Frontiersman known as the “Great Renegade” was born nearby. Captured by Indians, 1756, he lived among the Senecas and learned their language and culture. Following his release, he became an interpreter for the American army; deserted in 1778. Afterwards he led British and Native American war parties against frontier settlements. Hostile to the U.S. in War of 1812. Regarded as a loyalists by some and a “white savage” by others, he remains controversial. He died in Canada.
This historical marker is located in Fort Hunter Park and not far from the first one.
The longest stone masonry arch railroad bridge in the world, visible to the south, was built between 1900 and 1902. Named for the surrounding small settlement, it has forty-eight arches and a length of 3,820 feet. It is the third bridge constructed here by the Pennsylvania Railroad. A wooden structure had been built 1847 through 1849, followed by an iron bridge in 1877.
This historical marker is also located on the park grounds. You'll want to walk along the Susquehanna River towards the bridge and you'll see the marker on the right side.
From 1786 to the early 1830s, over twenty enslaved people lived and worked at Fort Hunter. Their parents and ancestors had been stolen from Africa. The McAllister family, who created all of Fort Hunter’s earliest surviving buildings, was one of the largest slave owners in Dauphin County. Along with free laborers, Blacks worked on the Fort Hunter plantation-farming, cooking, and running the dairy.
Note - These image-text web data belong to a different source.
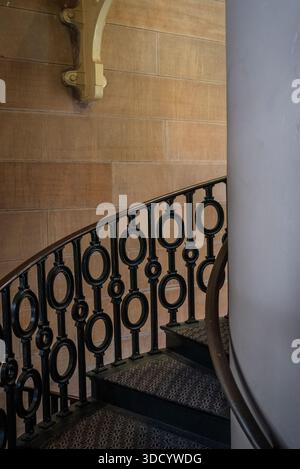 Escalier de la tour d'horloge du Fullerton Hotel Sydney, situé dans l'ancien bureau de poste général (GPO), Sydney, NSW, Australie Banque D'Images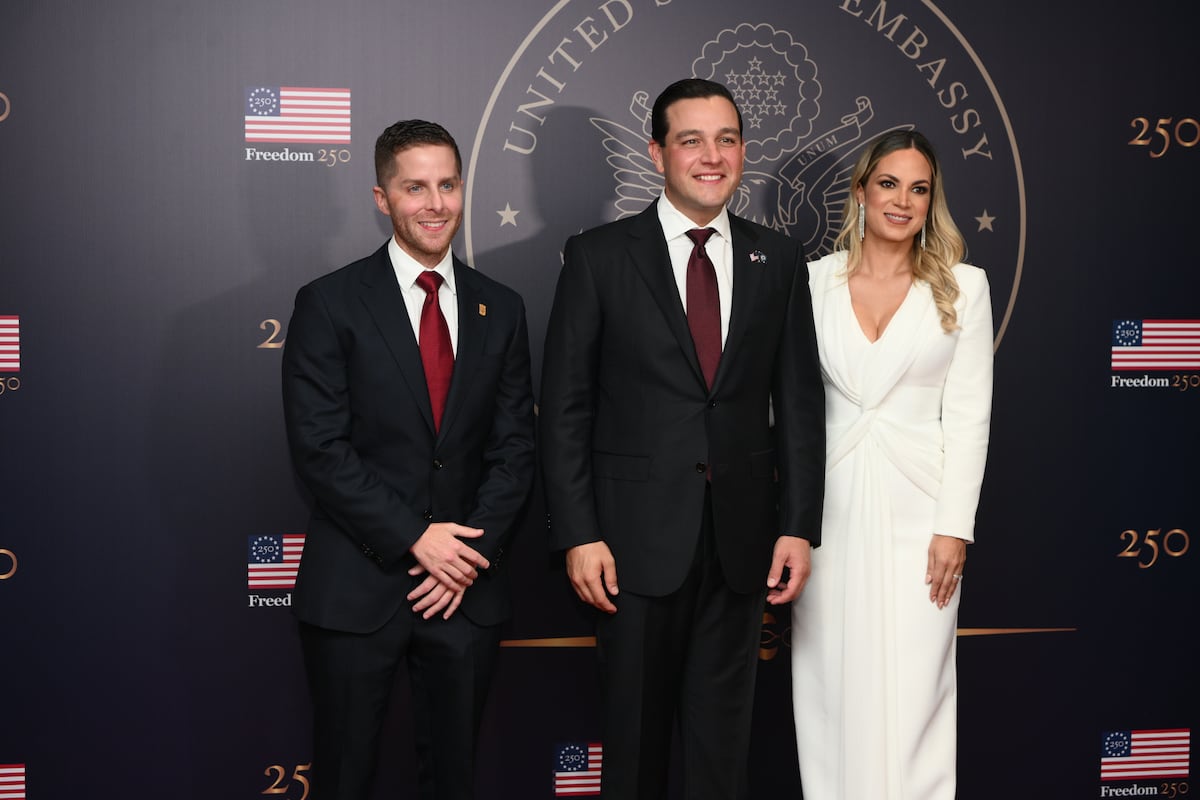 El look de Mayer Mizrachi, Mireya Moscoso y demás invitados a la alfombra roja de la recepción por los 250 años de la independencia de Estados Unidos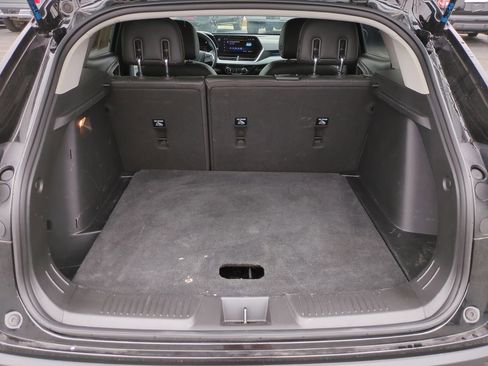 Certified 2025 Chevrolet Trax LT w/ Driver Confidence Package image 13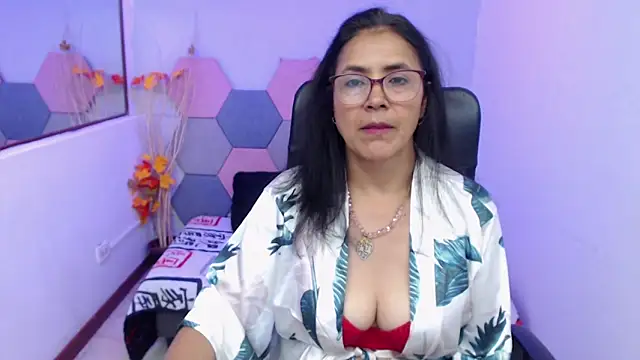 AmandaPeet online show from 9, 10, 2025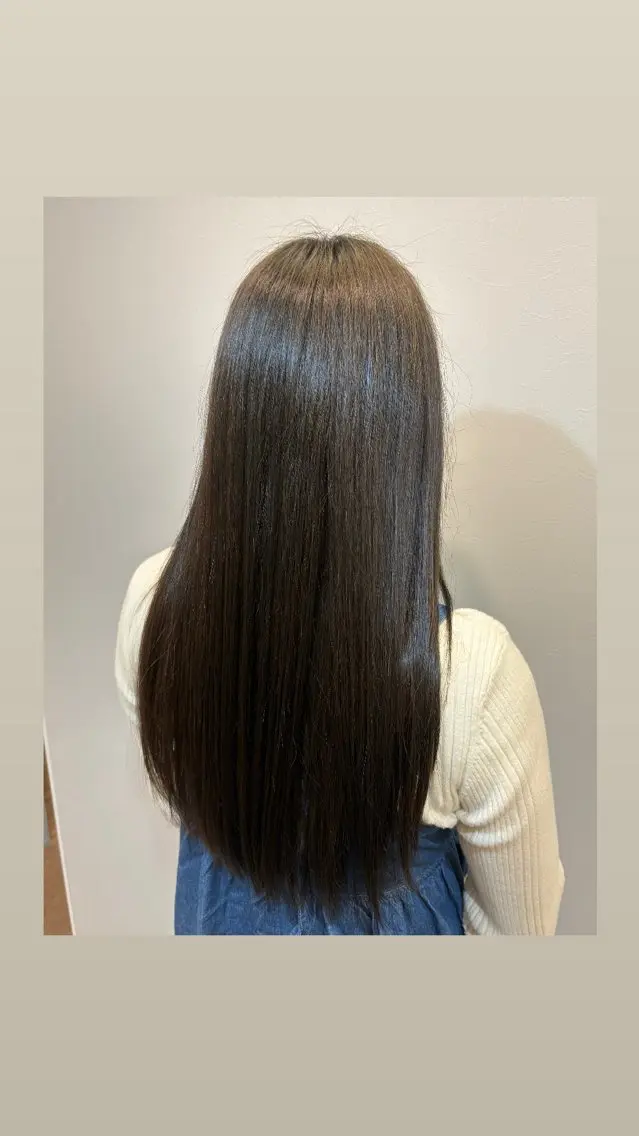 ロング カラー ベージュカラー オリーブベージュ ヘアカラー 鈴木 虹遥のヘアスタイル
Among them were at least two families, the Craigs and the Jenkins. At that time Fort Hunter included a farm, a tavern, a distillery and a mill.
Sall Craig fled from Fort Hunter bondage in 1828 when she was about 60. Although owned by the McAllisters since she was a girl, they had planned to sell her because of financial reversals. The sales advertisement described her as “strong and active of her age…an excellent washer, baker and cook and understands the management of a dairy and soap boiling.” By then small communities of free Blacks had formed in nearby Harrisburg and Halifax. Perhaps they provided aid and refuge to Sall, but nothing more is known of her story.
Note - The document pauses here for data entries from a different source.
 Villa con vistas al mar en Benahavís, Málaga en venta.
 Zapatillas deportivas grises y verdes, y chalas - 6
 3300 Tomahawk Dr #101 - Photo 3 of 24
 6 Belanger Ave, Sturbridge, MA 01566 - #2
At the birth of the United States in the 1770s, slavery was firmly embedded in its fabric. Blacks stolen from Africa were shipped to America as part of a lucrative trade system. Most enslaved people lived in the South, but about 10% lived in the North. By 1810 the population of free Blacks in the North had risen greatly because of the spread of abolitionist ideology.
After 1810 the use of the cotton gin made cotton a lucrative Southern crop. This dramatically increased the need for enslaved labor. By the time of the Civil War in the 1860s, slavery had polarized the nation into free and slave states. The struggle over slavery, especially its expansion into more western territories, was the fuel that ignited the Civil War. By its outbreak in 1861, 4,000,000 enslaved people toiled in the United States. The Proclamation of Emancipation, issued by Abraham Lincoln on January 1, 1863, played a key role in ending slavery nationwide.